Adlan Aliyevich Abdurashidov (Адлан Алиевич Абдурашидов; born 31 July 1990) is a Russian boxer. Born in Moscow, he competed in the men's lightweight event at the 2016 Summer Olympics.

== Amateur career ==
Adlan started boxing in 2003. He became second on the Russian national amateur boxing championships both in 2012 and 2014 and won in 2017. As a super lightweight he won on 2013 Summer Universiade in Kazan. Abdurashidov represented Russia on 2016 Summer Olympics where he competed in the men's lightweight. He outscored his opponent Thadius Katua, but lost to Reda Benbaziz.

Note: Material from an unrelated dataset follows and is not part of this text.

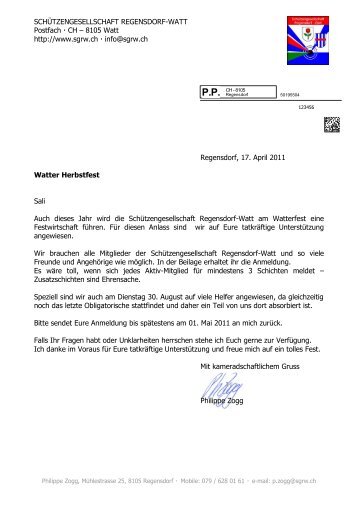 PP - Schützengesellschaft Regensdorf-Watt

As an amateur he holds a record of 56–19–1.

== Professional career ==

| No. | Result | Record | Opponent | Type | Round, time | Date | Location | Notes |
| 5 | Win | 5–0 | TAN Idd Pialari | UD | 10 (10) | 31 Oct 2020 | Red Arena, Krasnaya Polyana, Russia | Won vacant WBO Oriental super light title |
| 4 | Win | 4–0 | COL Jose Luis Prieto | KO | 1 (8), 1:03 | 21 Feb 2020 | Dynamo Palace, Moscow |  |
| 3 | Win | 3–0 | NAM Moses Paulus | UD | 10 (10) | 19 Sep 2019 | Uvais Akhtaev Sports Palace, Grozny |  |
| 2 | Win | 2–0 | TAN Max Moshi | TKO | 1 (6), 0:57 | 18 Apr 2019 | Colosseum Sport Hall, Grozny |  |
| 1 | Win | 1–0 | GEO Ruben Movsesiani | TKO | 1 (6), 2:50 | 27 Oct 2018 | Triumph, Lyubertsy |

| 5 fights | 5 wins | 0 losses |
|---|---|---|
| By knockout | 3 | 0 |
| By decision | 2 | 0 |

== Awards ==

- Certificate of Honour of the President of the Russian Federation (19 July 2013).
- Medal “For Merit to the Chechen Republic” (2016).